Selalu Saja Begini

Ah, selalu saja begini,
Dia mulai jatuh cinta,
Dan aku kehilangan selera untuk bercinta.
Wujudnya tulus, jemarinya sabar,
Namun asing.

Tetap saja bukan kamu.

Selalu saja begini, sayang.
Dia termakan emosi dan buaian.
Aku menyesali romantisme dari bualanku
Hidupnya mulai merengkuh figurku,
Tunggu, ia kukelabui,
Hidupnya mulai merengkuh bayanganku,
Sedangkan figurku melayang berangan dengan sendu.
Tetap saja bukan kamu.

Kalau-kalau kamu,
Coba saja kamu,
Anggap saja kamu,
Andai saja kamu,
Tetap saja kamu.

Doa-ku bukan lagi memutar waktu,
Ini bukan cerita penyesalan kekasih yang saling beradu.
Ini kisah rindu yang tidak bisa diapa-apakan,
Hanya diam,
Saling menunggu,
Meragu,
Menebak,
Dan berdoa…

“Tuhan, kalau-kalau aku harus hidup tanpa harus mengenalnya, sungguh menyedihkan hidup ini. Tetapi, Tuhan, kalau-kalau aku harus hidup bercinta lalu melupakannya, sungguh kejam hidup ini.”

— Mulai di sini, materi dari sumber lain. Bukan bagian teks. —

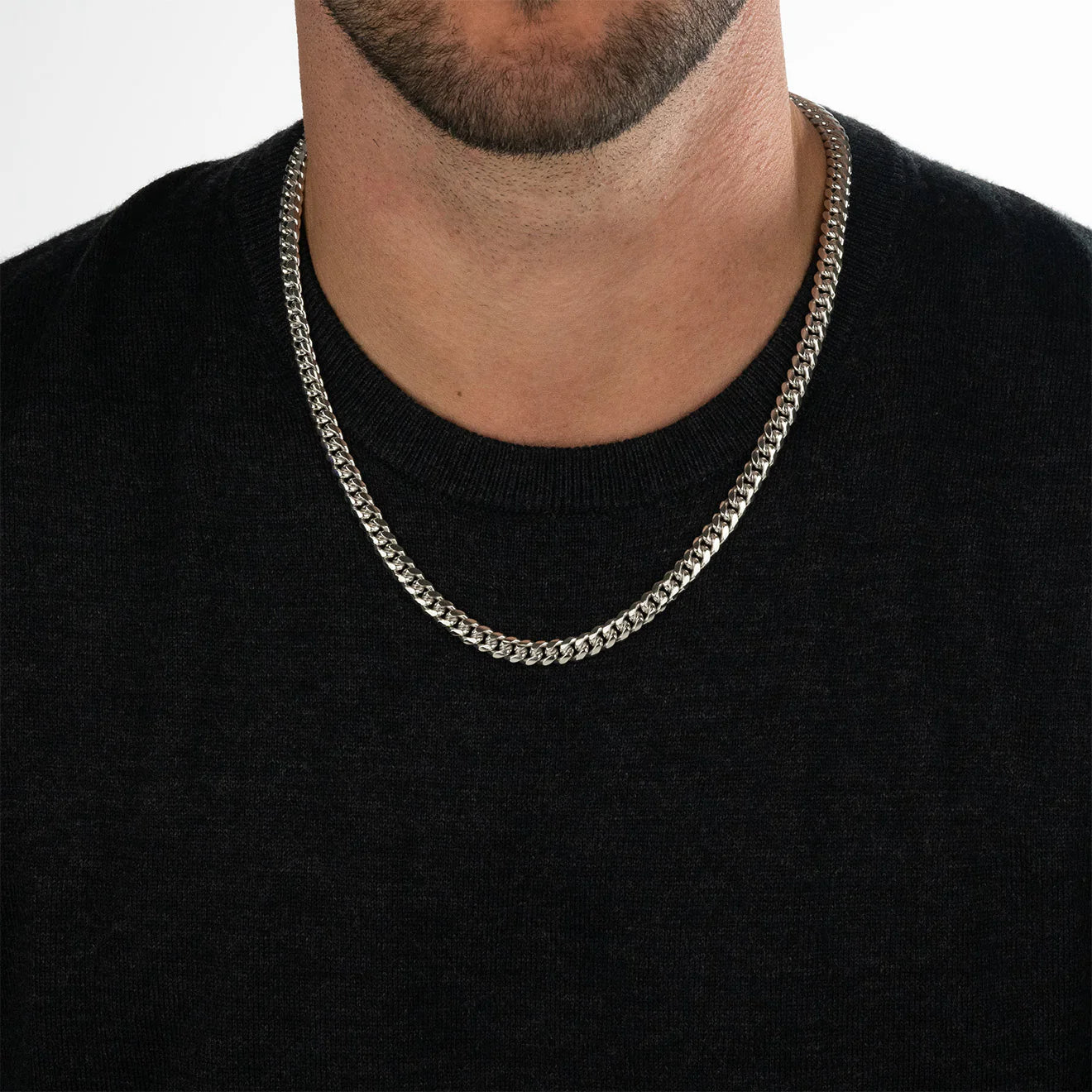 7MM Miami Cuban Link Chain – Sterling Silver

“Tetapi apa daya, Tuhan…” 

“Kami tidak bisa disatukan, kamu sudah membangun rumah tinggal yang nyaman, sederhana, ranjang dan dapur antik, belum sempurna tetapi kamu bilang yang namanya rumah pasti nyaman. Aku harus menunggu dan membuat rajutan apik untuk kamu pulang. Sewindu, hanya pesan singkat bahkan aku tidak tahu ragamu, hatimu, di mana? Lalu aku pamit, aku rapihkan rumah dan seisinya, aku sempat pajang beberapa figure jepretan kita.”

“Tidak lama, kamu pulang. Hampir tersesat di jalan pulang, aku dengar kabarnya begitu. Sampai di teras kamu hanya merenung, seisi rumah jadi bau asap kretek dari mulutmu, matamu basah, aku harap karena asap.”